Forum itu juga akan membahas tema lain, yakni media digital dan disinformasi dalam proses pemilu serta strategi untuk mendekatkan keadilan pemilu (electoral justice) kepada warga negara. Oleh karena itu, Rahmat berharap forum GNEJ dapat menghasilkan model atau praktik-praktik terbaik yang bisa diterapkan oleh negara-negara yang memiliki pengadilan pemilu. Sebagaimana di Indonesia, sengketa pemilu disidangkan dan diputuskan oleh Mahkamah Konstitusi.
”Kita harapkan pemimpin yang lahir dari sebuah proses demokrasi yang transparan, terbuka, dapat diakses oleh publik dapat menyatukan seluruh proses dan meredusir semua disinformasi,” kata Rahmat.

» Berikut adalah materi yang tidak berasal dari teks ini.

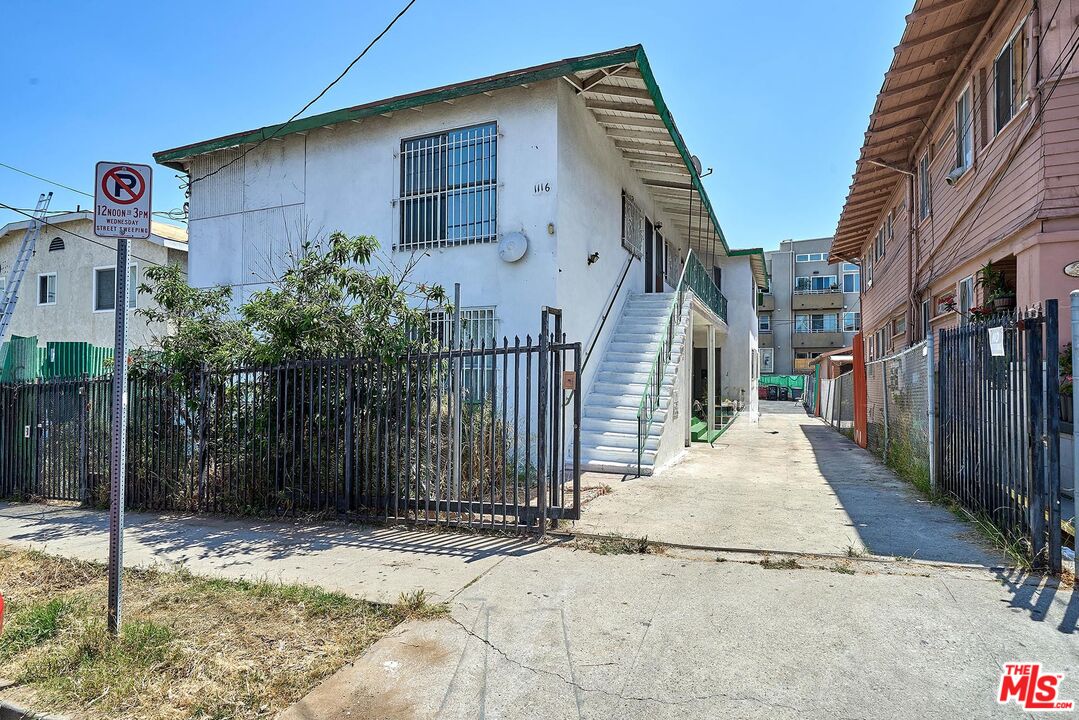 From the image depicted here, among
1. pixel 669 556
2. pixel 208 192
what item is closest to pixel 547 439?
pixel 669 556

President and Executive Director International Foundation for Electoral Systems (IFES) Anthony Banbury menyoroti pentingnya peran lembaga pengawas dan peradilan pemilu. Menurut dia, pemilu memiliki kerentanan, mulai dari kesalahan administratif hingga perilaku koruptif. Di sisi lain, terdapat kemungkinan bahwa seorang pemimpin yang otoriter menggunakan pemilu untuk mendapatkan legalitas sekaligus mempertahankan kekuasaan.
Hakim dan lembaga yudikatif harus bisa memberikan kepercayaan itu. Jika tidak, demokrasi akan menjadi lemah dan rapuh. Maka, akan mudah bagi aktor-aktor untuk mengeksploitasi kerentanan itu.

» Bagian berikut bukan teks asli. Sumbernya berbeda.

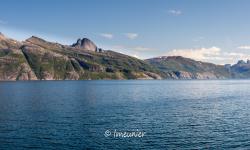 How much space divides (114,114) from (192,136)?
3982cm

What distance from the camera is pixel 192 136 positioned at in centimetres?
7412

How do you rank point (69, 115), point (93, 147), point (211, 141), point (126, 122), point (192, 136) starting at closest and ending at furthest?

Terkait hal tersebut, lanjut Banbury, baik lembaga pengawas pemilu maupun peradilan pemilu memiliki peran penting untuk meminimalkan hal itu. Sebab, hal itu tidak hanya menyangkut masyarakat sebagai pemilih, tetapi juga terkait dengan demokrasi. Secara khusus bagi hakim pemilu, kata Banbury, hakim berperan penting untuk menstabilkan demokrasi.
”Hakim dan lembaga yudikatif harus bisa memberikan kepercayaan itu. Jika tidak, demokrasi akan menjadi lemah dan rapuh. Maka, akan mudah bagi aktor-aktor untuk mengeksploitasi kerentanan itu,” katanya.
Sementara itu, President Emeritus Special Representative of the Venice Commission Gianni Buquicchio mengatakan, demokrasi tidak akan berjalan dengan baik tanpa pemilu yang bebas dan dijamin oleh pihak independen. Untuk itu, baik lembaga yudikatif maupun pembuat hukum berperan penting untuk menciptakan hal itu.